The Macpherson inquiry has produced a heap of politically correct recommendations, some so simplistic in their approach to race relations that they would make the Rev Jesse Jackson blink. The only glimmer of hope is that the Government appears to have enough common sense to ignore most of the proposals published in the report.

The Sunday Times

NO ONE - not Sir William, not the Lawrences, not the Home Secretary, not even the most extreme black groups - is saying that every policeman is a racist. But the facts of the matter are clear and stark: the police as a whole failed the Lawrences. Worse still, they failed us all.

The Sunday Express

SOME PEOPLE may feel it is downright offensive to focus at all on whites in the aftermath

of the Lawrence inquiry.

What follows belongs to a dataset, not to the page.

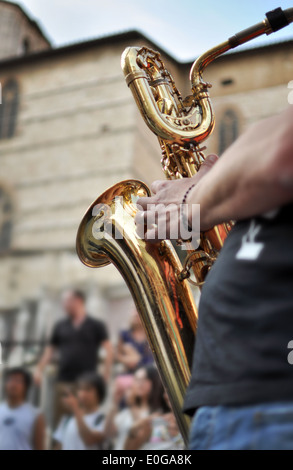 Le saxophoniste est dans la rue Banque D'Images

I can't see how things will ever improve unless we face the fact that, although life is worst in modern Britain for young blacks, it is pretty hellish for certain cut-off and economically abandoned white tribes too. Their self-pity may be smaller in scale than the grievance of black people, but it is, as it were, similarly shaped. (Andrew Marr)

The Observer

THE GREATEST lesson to come out of all this is that no one will tolerate another Stephen Lawrence case. Mr and Mrs Lawrence have been insulted at every stage. But they were entitled to believe that the man who instigated the judicial inquiry into their son's death was on their side. Jack's sojourn to the South of France is the final straw.

Sunday Mirror

TO TRY to expunge by means of the criminal law the expression of certain unacceptable or revolting ideas would be to attack the very basis of a free society. Unfortunately, this Government has shown signs of being susceptible to national hysteria.